PROBLEM TO WORK ON: Locate the line containing "2021 YAMAHA YFM450 K 5Y4AJ7832MA108314" in the material below. Copy that line and all following lines through the end exactly, omitting any pictures.

SOURCE DATA:
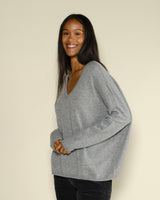 Pull les tricots de lea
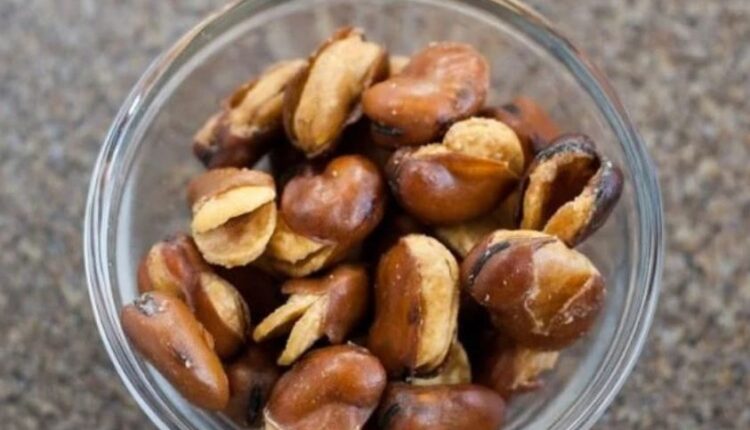 Khasiat Kacang Koro untuk Glow Up dan Turun Berat Badan, Camilan Lokal yang Lagi Naik Daun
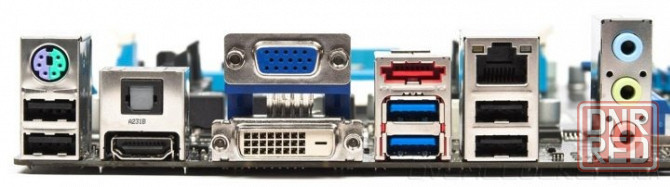 Материнская плата Socket FM2 ASUS F2A85-M LE Донецк - изображение 1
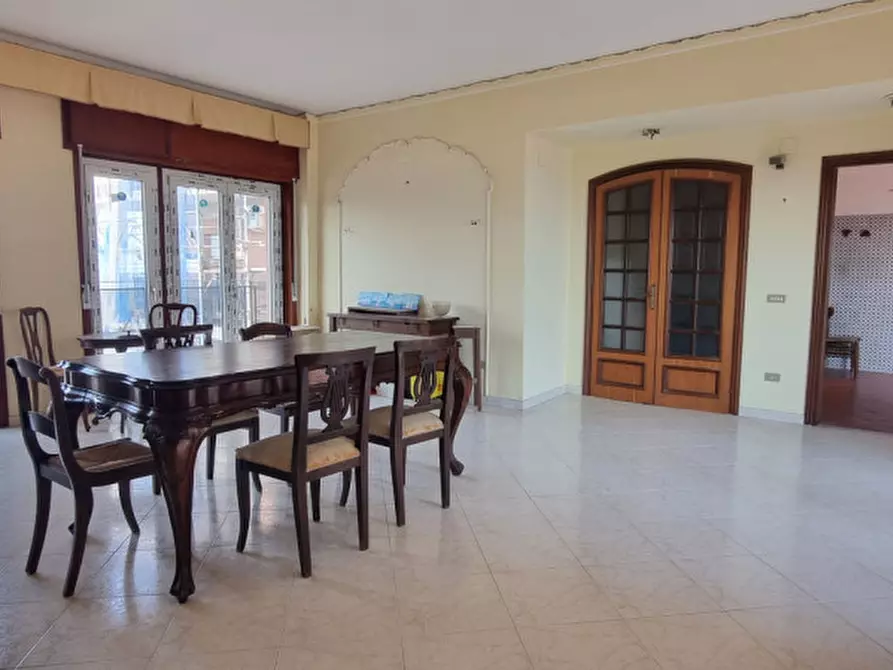 Immagine 2 di Appartamento in vendita  in VIA ACQUEVIOLE a Milazzo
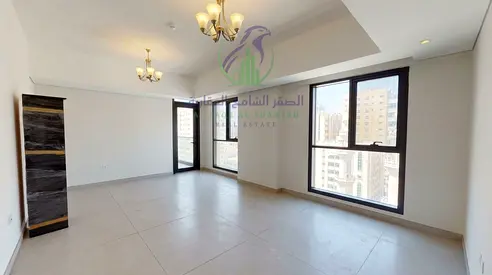 Title: 1-Bedroom Apartment for Annual Rent in Abu Shagara | Brand New | First Occupancy | Panoramic View | Balcony | Master Bedroom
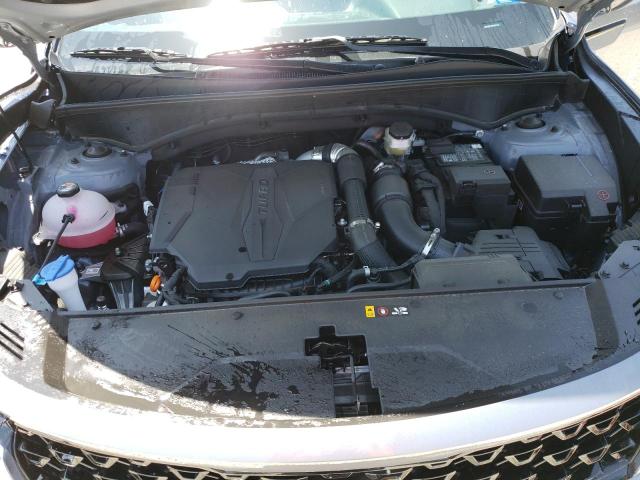 Photo 11 from auction – 2023 KIA SORENTO SX with VIN 5XYRKDLF6PG182722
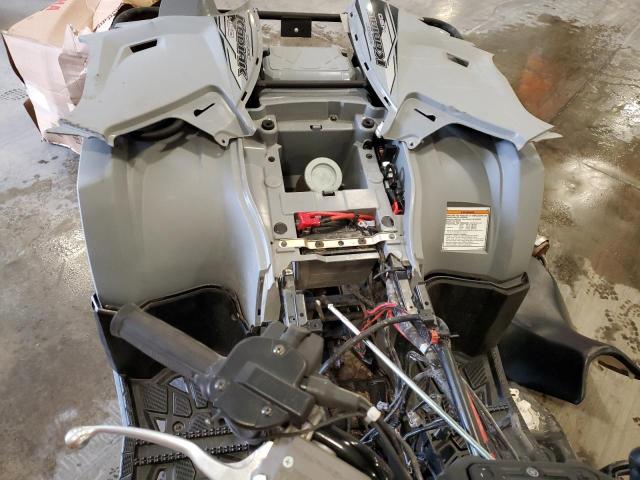 2021 YAMAHA YFM450 K 5Y4AJ7832MA108314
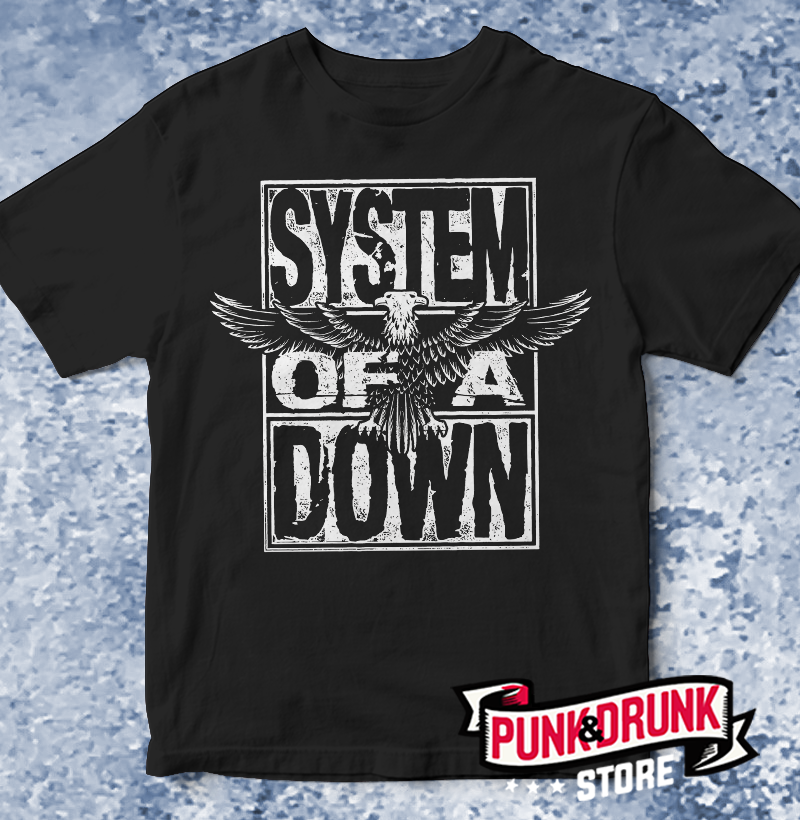 System of a Down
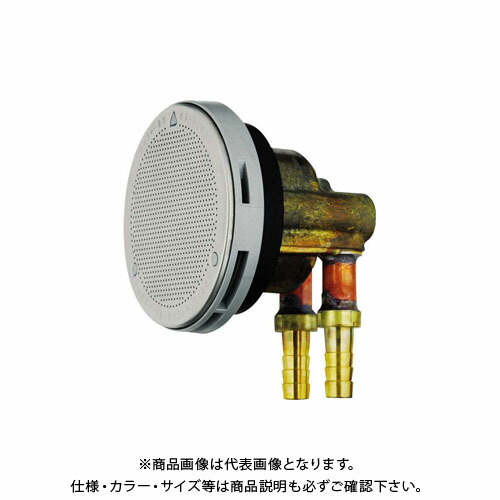 カクダイ 分けまえ回転運動金具 10A 415-101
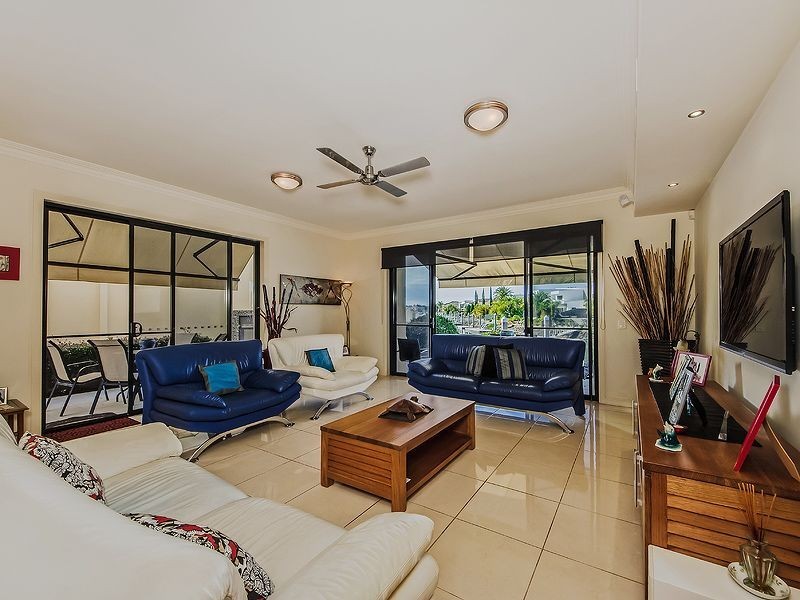 8046 The Parkway, Sanctuary Cove QLD 4212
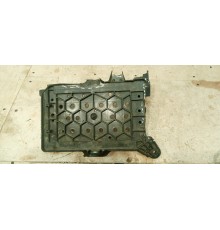 Площадка аккумулятора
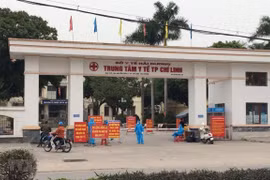 Vietnam confirms 34 new COVID-19 cases on January 30 morning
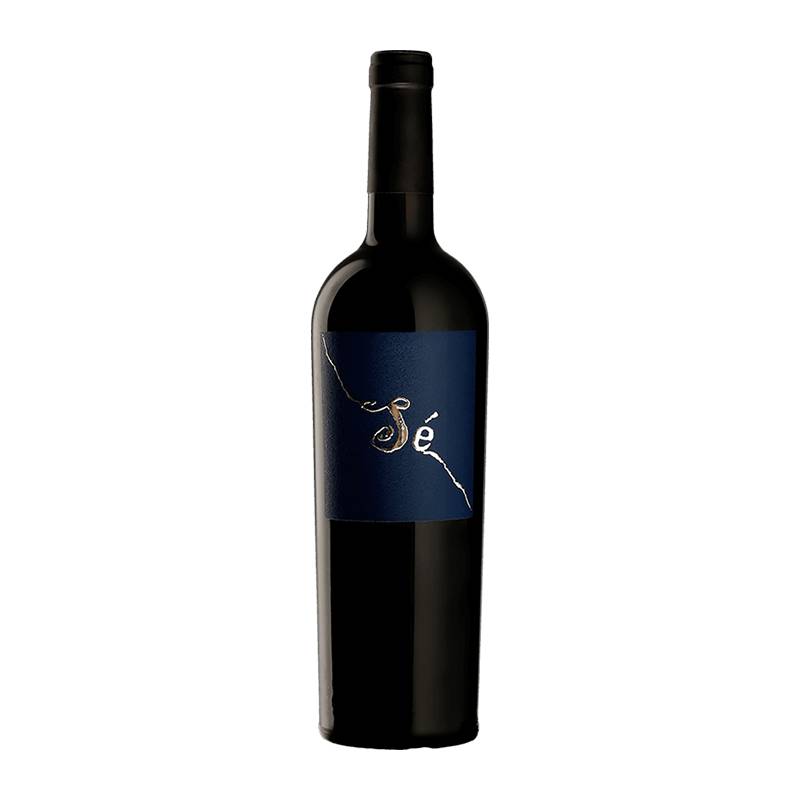 Gianfranco Fino : Salento Primitivo "Sé" 2022 von Gianfranco Fino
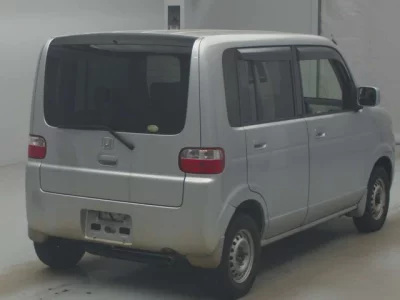 Honda THATS  с аукциона в Японии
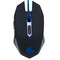 Фото - Мышь Gembird MUSG-001-B Blue | click.ua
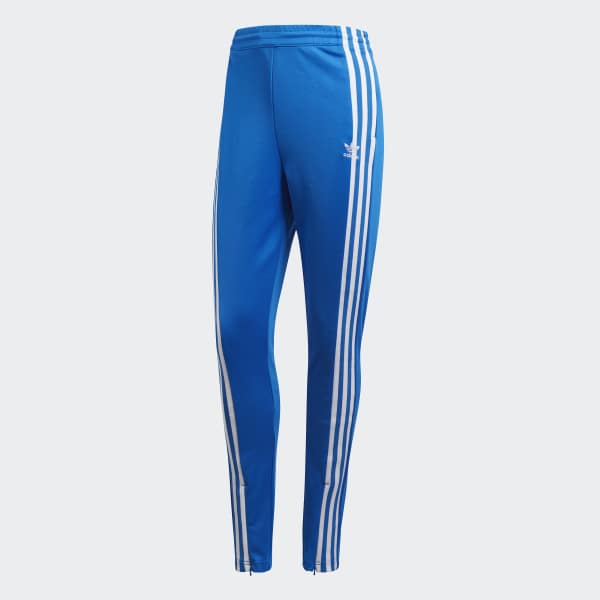 adidas Track Pants - Blue | adidas Turkey
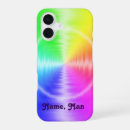Recherche de années 60 iphone coques Coloré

PROBLEM SOLUTION:
 2021 YAMAHA YFM450 K 5Y4AJ7832MA108314
 System of a Down
 カクダイ 分けまえ回転運動金具 10A 415-101
 8046 The Parkway, Sanctuary Cove QLD 4212
 Площадка аккумулятора
 Vietnam confirms 34 new COVID-19 cases on January 30 morning
 Gianfranco Fino : Salento Primitivo "Sé" 2022 von Gianfranco Fino
 Honda THATS  с аукциона в Японии
 Фото - Мышь Gembird MUSG-001-B Blue | click.ua
 adidas Track Pants - Blue | adidas Turkey
Recherche de années 60 iphone coques Coloré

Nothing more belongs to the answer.